Mechanical properties of this new reinforcement are nearly the same as virgin one. Nonetheless, fibers are of course shorter than new ones due to the recycling process; this constraint leads to reprocess new semi-products that would be more easy to use, in order to close the recycling loop.

6 Conclusions

We are now able to recycle carbon fiber/thermoset matrix composites, and more precisely to recover carbon fibers. This development highlights the fact that recycling possibilities and constraints should be included from the early design stages. Skills and competences (knowledge and know-how) in materials and mechanical characterization fields are required to provide information about parts to be recycled, and about materials or semi-products derived from this recycling.

From our point of view, designers, recyclers and characterizers’ skills must be interwoven to achieve design under recycling constraints, and to develop robust recycling processes for second design perspectives. In order to facilitate discussion and communication within these three areas of expertise, we have to work on defining requirements for and from designer, but we must also take the recycler’s point of view into account.
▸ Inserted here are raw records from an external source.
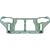 FRONTMASKE         LANTRA, passend für 94-95 6410028110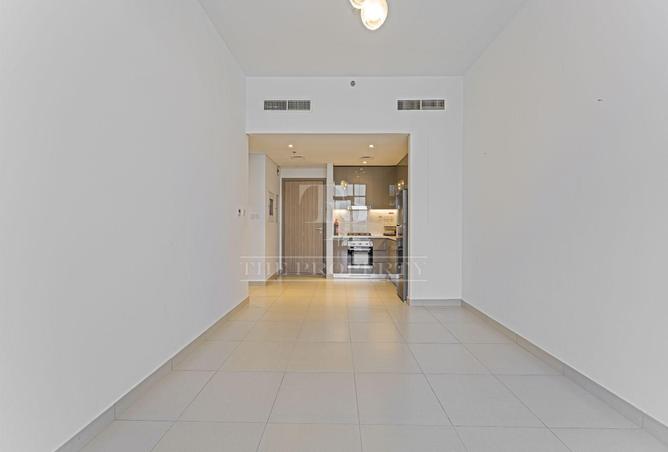 141460261 - Property Image 2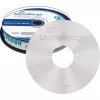 DVD+R DL MediaRange MR466 8.5 GB 10 szt.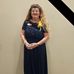 Fran Stevens - Facebook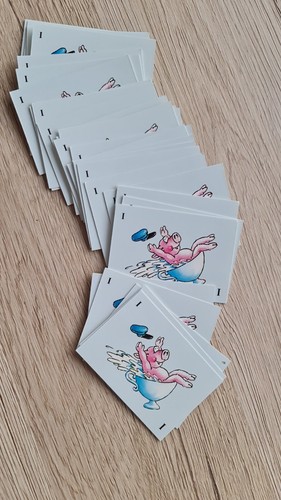 Ersatzteile 61 - ersatzteile:,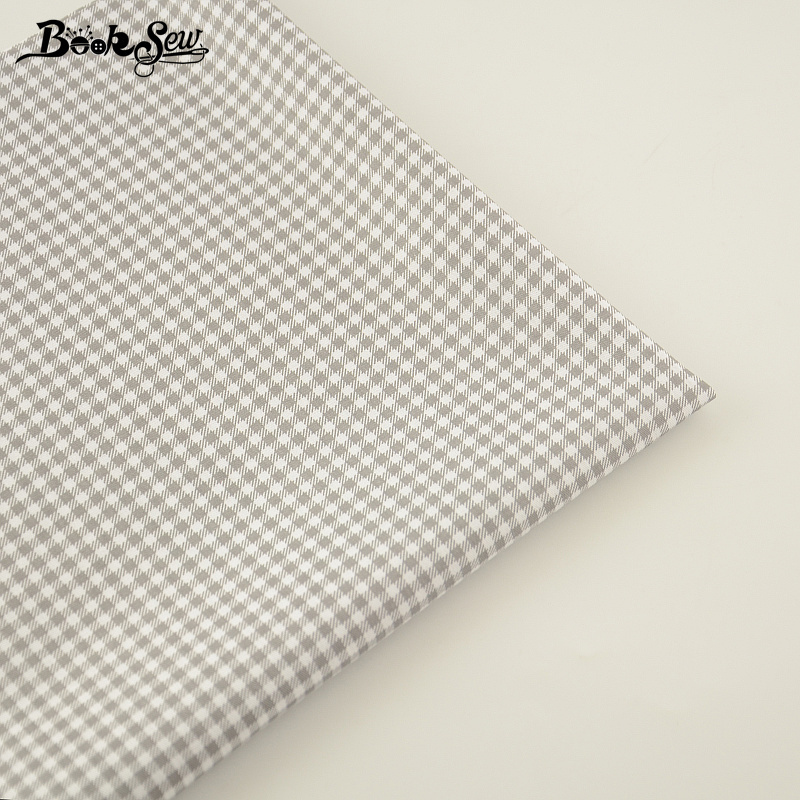 جديد وصول 100% ٪ نسيج رمادي وأ - مراجعة Home Textiles Design وسعره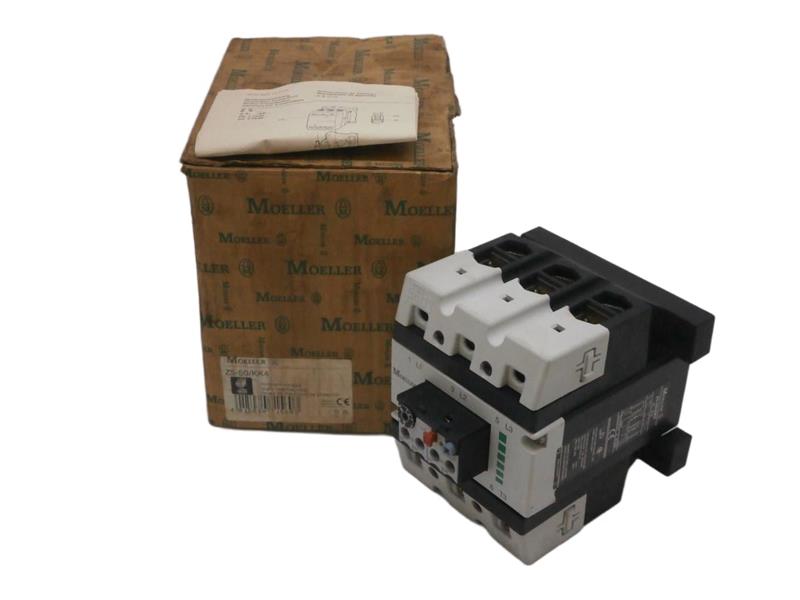 Z5-50/KK4 by EATON CORPORATION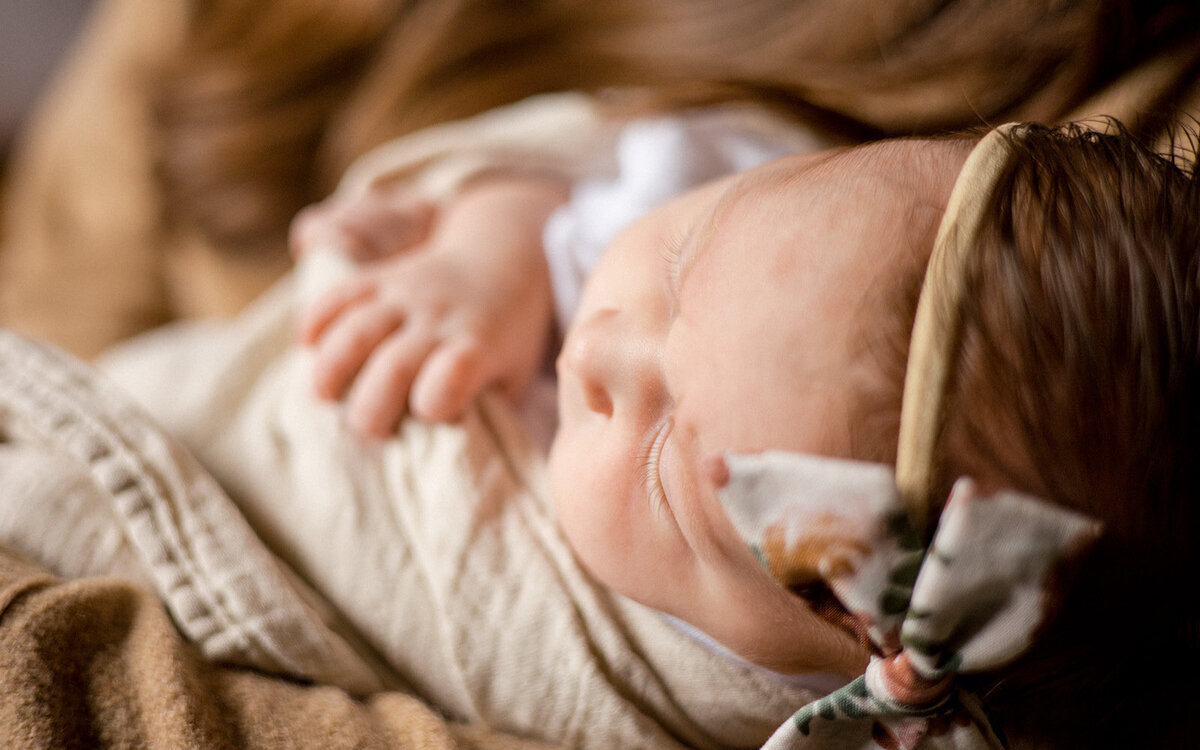 tampa-family-photographer-orlando-50_websize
Systematic formalization of requirements and semantic alignment between the different (yet not so distant) communities should be implemented.

An environmental assessment of the solvolysis recycling process still has to be carried out in order to compare material and energy consumptions, pollution, cost, etc. for a same quantity of new or recycled composite.

The increasing use of composites in industry has brought about the development of end-of-life solutions. Regulatory constraints and financial perspectives (cost-cutting) will give rise to design for recovery or eco-design approaches.